Task: Below are records to return verbatim; the pictures are to be dropped.

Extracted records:
══════════

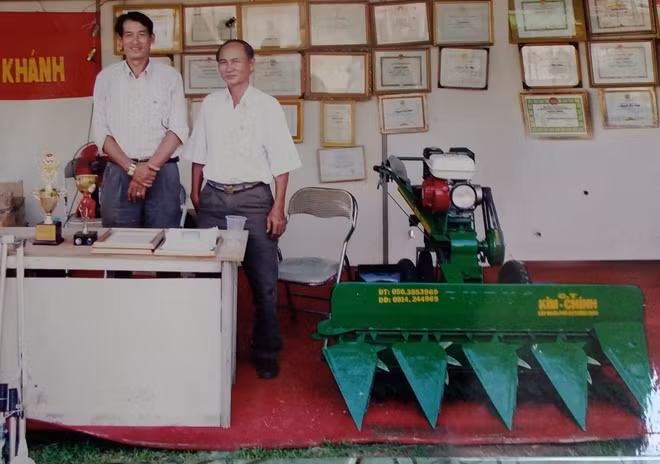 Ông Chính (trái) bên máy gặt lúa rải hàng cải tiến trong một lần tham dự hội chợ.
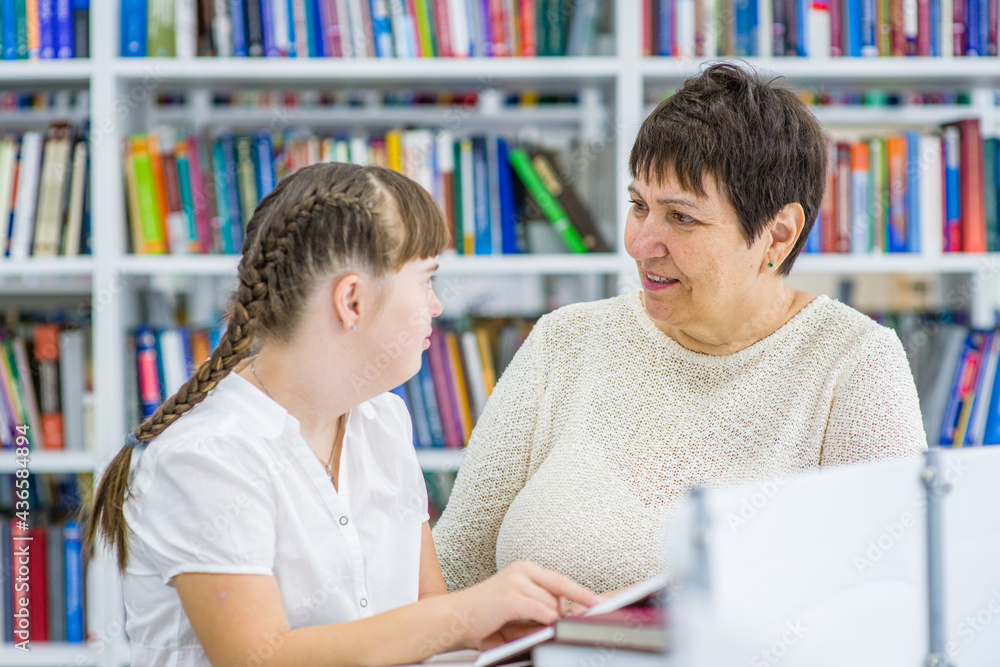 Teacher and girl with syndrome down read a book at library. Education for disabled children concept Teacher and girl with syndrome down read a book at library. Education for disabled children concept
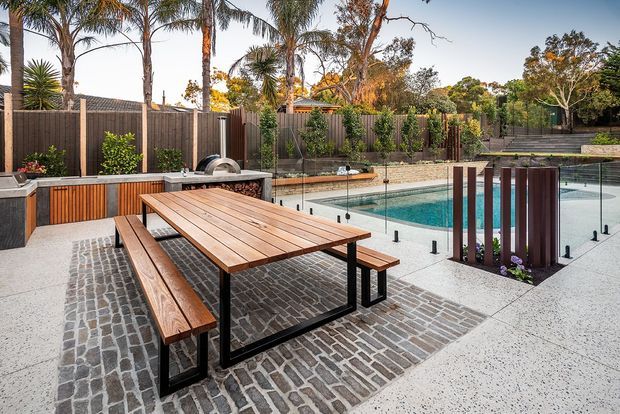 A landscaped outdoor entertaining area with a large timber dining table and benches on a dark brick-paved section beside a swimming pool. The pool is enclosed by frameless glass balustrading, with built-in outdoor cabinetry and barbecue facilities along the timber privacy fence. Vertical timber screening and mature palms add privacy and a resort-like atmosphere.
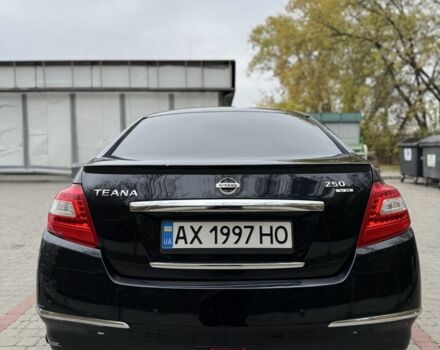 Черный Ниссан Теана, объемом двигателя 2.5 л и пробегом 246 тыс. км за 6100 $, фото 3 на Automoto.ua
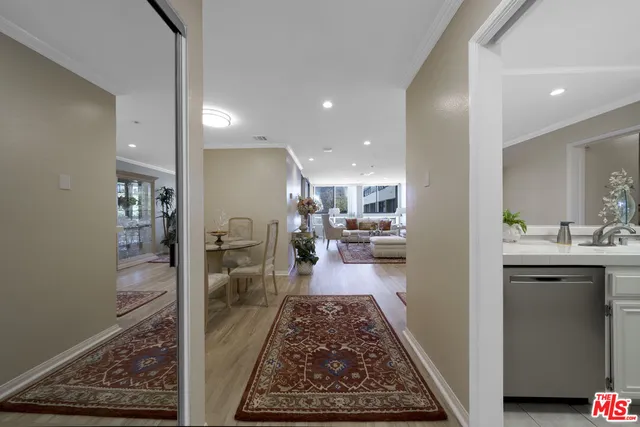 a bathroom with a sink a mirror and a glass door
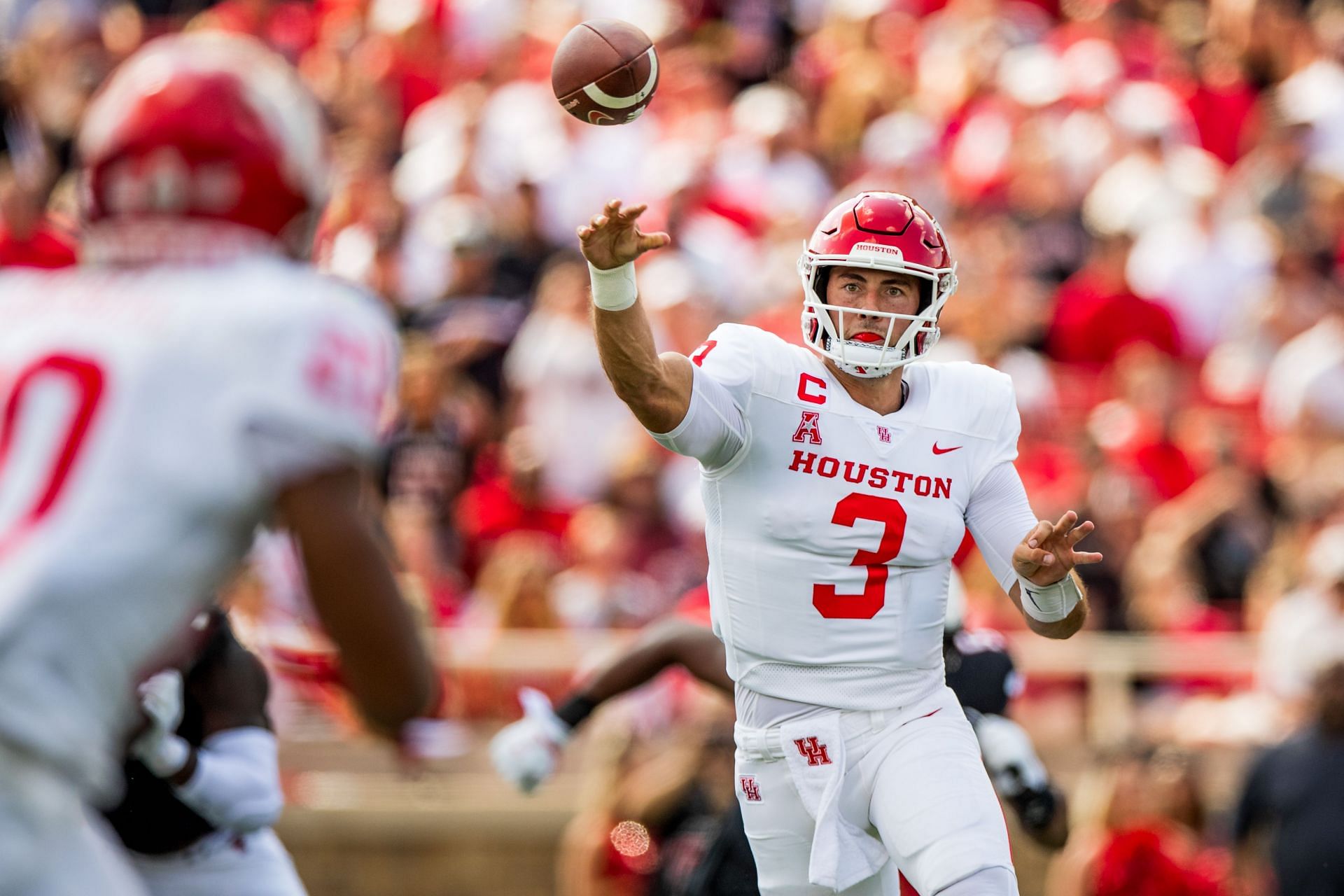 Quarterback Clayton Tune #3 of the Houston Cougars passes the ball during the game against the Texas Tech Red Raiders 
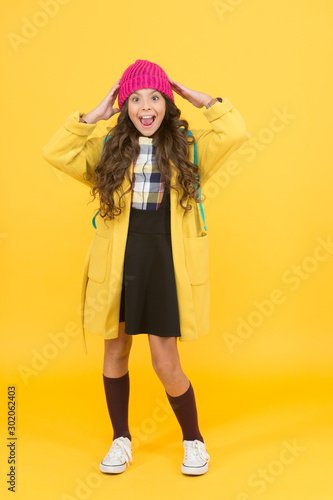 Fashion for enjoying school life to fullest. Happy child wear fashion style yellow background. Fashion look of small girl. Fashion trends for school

══════════

Result:
 Ông Chính (trái) bên máy gặt lúa rải hàng cải tiến trong một lần tham dự hội chợ.
 Teacher and girl with syndrome down read a book at library. Education for disabled children concept Teacher and girl with syndrome down read a book at library. Education for disabled children concept
 A landscaped outdoor entertaining area with a large timber dining table and benches on a dark brick-paved section beside a swimming pool. The pool is enclosed by frameless glass balustrading, with built-in outdoor cabinetry and barbecue facilities along the timber privacy fence. Vertical timber screening and mature palms add privacy and a resort-like atmosphere.
 Черный Ниссан Теана, объемом двигателя 2.5 л и пробегом 246 тыс. км за 6100 $, фото 3 на Automoto.ua
 a bathroom with a sink a mirror and a glass door
 Quarterback Clayton Tune #3 of the Houston Cougars passes the ball during the game against the Texas Tech Red Raiders 
 Fashion for enjoying school life to fullest. Happy child wear fashion style yellow background. Fashion look of small girl. Fashion trends for school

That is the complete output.